La gorgone en question apparaît près de nous. Dans les ruines du studio, Tartandelus continue ses tirs. Les intervenants tombent les uns après les autres, métamorphosés en pâtisseries de toutes sortes.
« Ouais, euh, comment fait-on pour le vaincre, déjà ? demande Gorzül.
— Aucun de nous ne peut le vaincre. C'est marqué dans le script.
— Heiiin ? »
Des fans de Gudule se jettent sur le gâteau géant. Des déflagrations retentissent, les derniers murs s'effondrent au sol.
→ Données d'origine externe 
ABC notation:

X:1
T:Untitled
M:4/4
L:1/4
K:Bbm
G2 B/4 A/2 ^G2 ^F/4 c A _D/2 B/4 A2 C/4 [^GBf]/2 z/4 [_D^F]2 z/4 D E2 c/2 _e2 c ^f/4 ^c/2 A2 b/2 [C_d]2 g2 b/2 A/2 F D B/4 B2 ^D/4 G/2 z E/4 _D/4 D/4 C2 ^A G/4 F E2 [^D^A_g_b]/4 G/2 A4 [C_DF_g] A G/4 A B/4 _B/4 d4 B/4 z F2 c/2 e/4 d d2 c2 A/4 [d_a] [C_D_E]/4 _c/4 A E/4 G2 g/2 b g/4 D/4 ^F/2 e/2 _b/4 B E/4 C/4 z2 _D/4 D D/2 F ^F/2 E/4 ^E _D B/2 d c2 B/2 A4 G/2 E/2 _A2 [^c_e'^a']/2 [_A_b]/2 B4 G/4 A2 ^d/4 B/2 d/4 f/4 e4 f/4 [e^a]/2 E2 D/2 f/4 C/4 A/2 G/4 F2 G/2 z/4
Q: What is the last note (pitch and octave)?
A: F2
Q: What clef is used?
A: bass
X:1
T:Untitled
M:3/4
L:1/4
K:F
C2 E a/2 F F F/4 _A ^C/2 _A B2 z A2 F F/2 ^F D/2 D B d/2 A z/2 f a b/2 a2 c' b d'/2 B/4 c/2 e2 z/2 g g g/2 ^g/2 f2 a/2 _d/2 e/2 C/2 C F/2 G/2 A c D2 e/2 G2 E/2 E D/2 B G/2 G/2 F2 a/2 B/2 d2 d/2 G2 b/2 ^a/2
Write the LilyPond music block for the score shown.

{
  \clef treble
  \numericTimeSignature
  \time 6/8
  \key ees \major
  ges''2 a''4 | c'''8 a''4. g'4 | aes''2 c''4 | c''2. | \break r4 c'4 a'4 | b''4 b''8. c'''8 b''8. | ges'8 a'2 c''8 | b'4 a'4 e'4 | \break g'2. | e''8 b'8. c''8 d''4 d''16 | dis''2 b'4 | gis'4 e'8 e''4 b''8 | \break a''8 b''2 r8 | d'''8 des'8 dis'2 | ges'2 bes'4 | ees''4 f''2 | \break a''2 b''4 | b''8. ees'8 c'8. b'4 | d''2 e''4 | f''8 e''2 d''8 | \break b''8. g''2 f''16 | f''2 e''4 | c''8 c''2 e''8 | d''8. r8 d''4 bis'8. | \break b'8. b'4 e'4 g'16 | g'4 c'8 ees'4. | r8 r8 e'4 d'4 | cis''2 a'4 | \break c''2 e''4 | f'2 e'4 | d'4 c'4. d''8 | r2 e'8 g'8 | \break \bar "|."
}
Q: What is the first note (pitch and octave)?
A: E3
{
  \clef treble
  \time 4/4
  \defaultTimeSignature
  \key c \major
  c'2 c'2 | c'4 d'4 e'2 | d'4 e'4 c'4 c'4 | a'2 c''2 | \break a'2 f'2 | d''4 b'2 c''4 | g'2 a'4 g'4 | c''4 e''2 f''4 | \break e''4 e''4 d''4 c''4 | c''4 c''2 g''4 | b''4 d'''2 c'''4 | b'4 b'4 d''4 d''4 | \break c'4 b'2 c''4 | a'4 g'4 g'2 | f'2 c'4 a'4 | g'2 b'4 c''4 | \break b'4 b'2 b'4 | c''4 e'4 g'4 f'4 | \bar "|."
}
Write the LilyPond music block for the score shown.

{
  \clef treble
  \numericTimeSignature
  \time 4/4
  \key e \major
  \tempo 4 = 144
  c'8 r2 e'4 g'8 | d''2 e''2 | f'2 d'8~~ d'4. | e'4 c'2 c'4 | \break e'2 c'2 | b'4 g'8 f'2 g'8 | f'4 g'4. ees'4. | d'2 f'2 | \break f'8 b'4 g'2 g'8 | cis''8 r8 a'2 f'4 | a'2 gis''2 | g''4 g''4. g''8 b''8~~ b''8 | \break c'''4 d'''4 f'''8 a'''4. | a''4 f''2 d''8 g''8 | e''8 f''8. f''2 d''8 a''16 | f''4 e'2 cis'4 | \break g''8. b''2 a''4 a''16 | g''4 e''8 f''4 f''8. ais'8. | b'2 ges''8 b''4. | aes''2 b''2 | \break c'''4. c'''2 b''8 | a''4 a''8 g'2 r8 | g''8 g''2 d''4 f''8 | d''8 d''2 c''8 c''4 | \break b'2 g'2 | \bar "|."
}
« Et puis, pourquoi l'arrêter, aussi ? Ne va-t-il pas créer un monde meilleur, gustativement parlant ? Bientôt, toute cette planète deviendra une immense pâtisserie. Que pourrions-nous espérer de mieux ?
— Il va mettre fin à l'humanité.
— L'humanité, c'est surfait, de toute façon. Et ça ne se mange pas, d'abord. À moins d'être anthropophage, à la limite, mais c'est très mal vu dans nos sociétés actuelles. »
Je mange un nouveau cookie.
« Tu es avec lui, depuis le début, comprend Médusa.
— Eh oui, car, en réalité, je suis... »
Je termine mon cookie.
« Moi, JBSchrottenloher. Et j'aime les gâteaux. Mettons fin à cette humanité absurde, mouhahaha !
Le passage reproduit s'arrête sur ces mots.